### Exercise
Please, from the entries below, transcribe exactly the lines that begin at the line with "Nativity stable with hayloft and stairs 1" and end at the line with "Deer gay pride", without the pictures.

### Supplied records
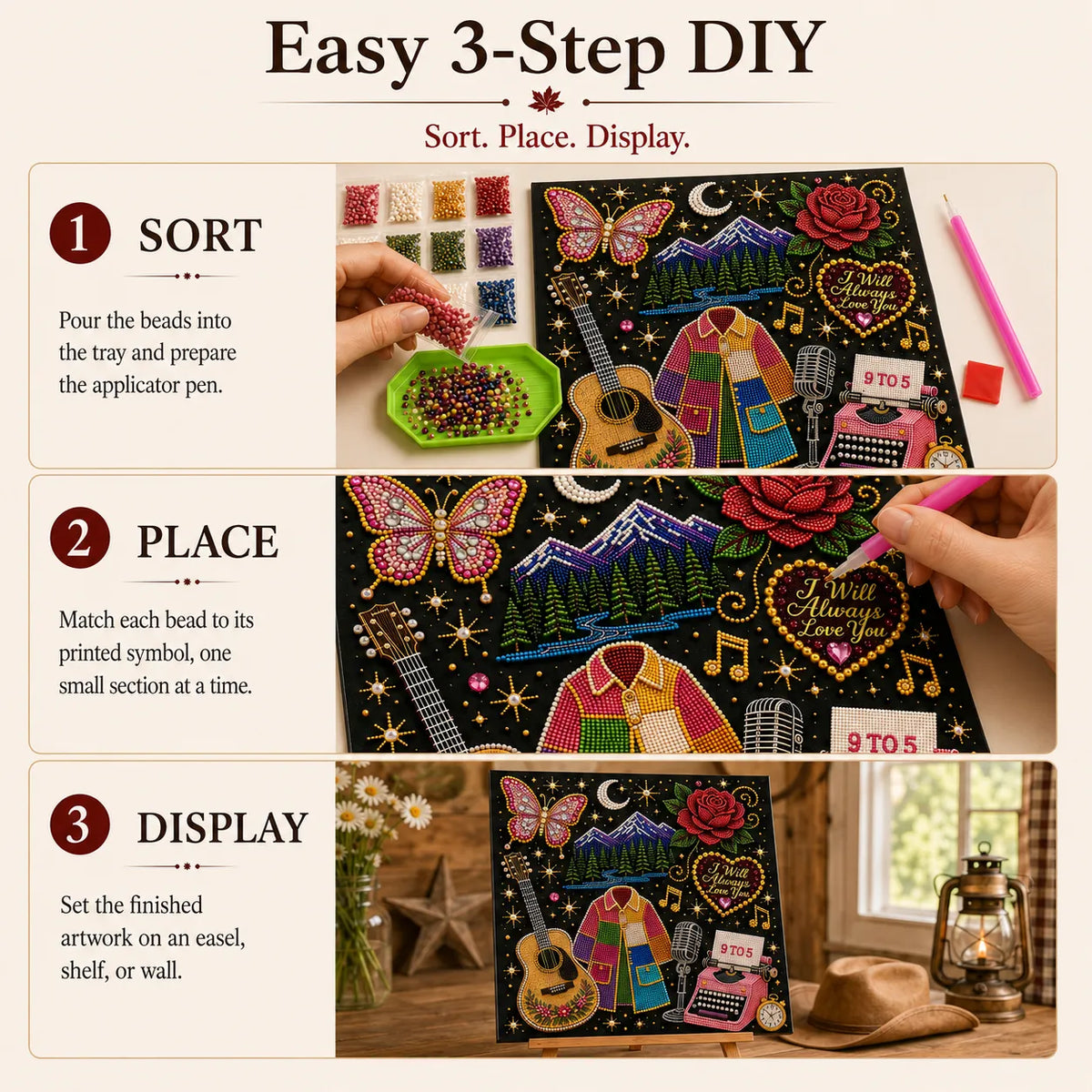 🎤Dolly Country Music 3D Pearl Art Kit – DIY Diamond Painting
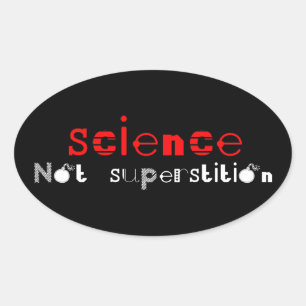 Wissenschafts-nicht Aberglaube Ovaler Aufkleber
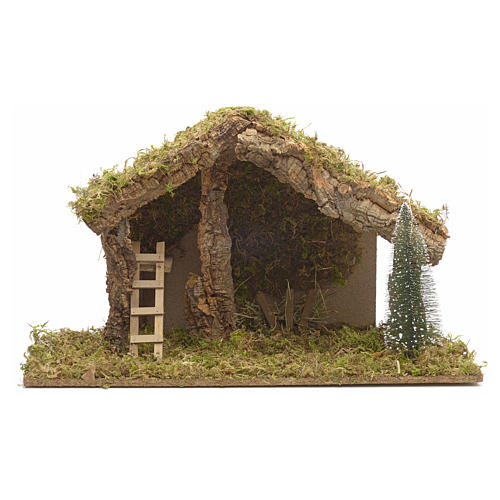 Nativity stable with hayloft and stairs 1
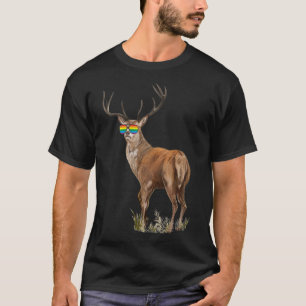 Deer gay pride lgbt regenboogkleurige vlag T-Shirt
* * *
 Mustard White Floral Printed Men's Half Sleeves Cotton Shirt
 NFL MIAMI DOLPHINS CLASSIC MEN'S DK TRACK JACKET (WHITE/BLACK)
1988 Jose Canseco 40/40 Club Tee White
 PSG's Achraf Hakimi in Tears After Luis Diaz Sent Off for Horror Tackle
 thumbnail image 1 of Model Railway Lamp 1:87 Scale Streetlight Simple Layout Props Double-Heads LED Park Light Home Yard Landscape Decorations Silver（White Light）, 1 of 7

### Written answer
 Nativity stable with hayloft and stairs 1
 Deer gay pride lgbt regenboogkleurige vlag T-Shirt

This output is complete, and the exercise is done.